Provided information.
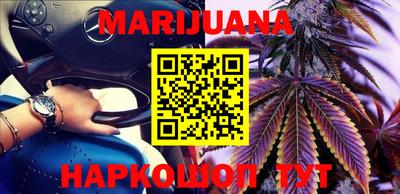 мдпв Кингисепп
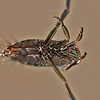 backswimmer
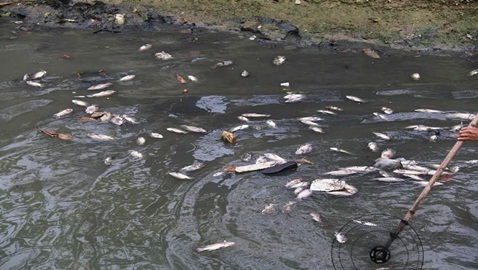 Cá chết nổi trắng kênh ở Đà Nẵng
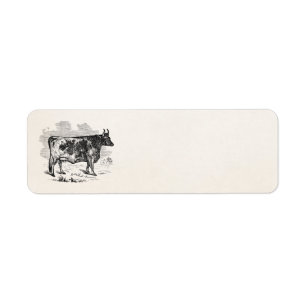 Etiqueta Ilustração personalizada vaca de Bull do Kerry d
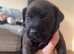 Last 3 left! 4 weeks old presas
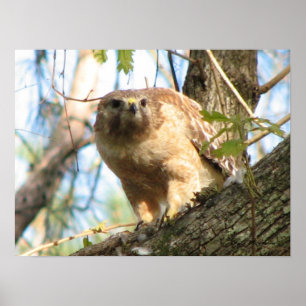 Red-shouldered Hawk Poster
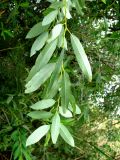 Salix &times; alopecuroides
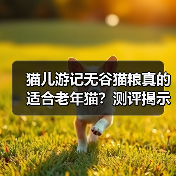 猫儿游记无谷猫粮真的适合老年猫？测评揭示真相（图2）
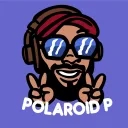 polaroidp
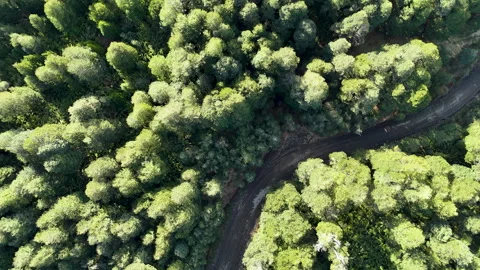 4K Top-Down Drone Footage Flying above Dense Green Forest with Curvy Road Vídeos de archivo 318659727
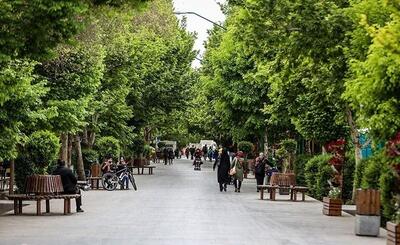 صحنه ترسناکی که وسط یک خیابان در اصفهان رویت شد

Try it. Where an entry contains an image, skip the image; repeat everything else exactly.

Result for this task.
 мдпв Кингисепп
 backswimmer
 Cá chết nổi trắng kênh ở Đà Nẵng
 Etiqueta Ilustração personalizada vaca de Bull do Kerry d
 Last 3 left! 4 weeks old presas
 Red-shouldered Hawk Poster
 Salix &times; alopecuroides
 猫儿游记无谷猫粮真的适合老年猫？测评揭示真相（图2）
 polaroidp
 4K Top-Down Drone Footage Flying above Dense Green Forest with Curvy Road Vídeos de archivo 318659727
 صحنه ترسناکی که وسط یک خیابان در اصفهان رویت شد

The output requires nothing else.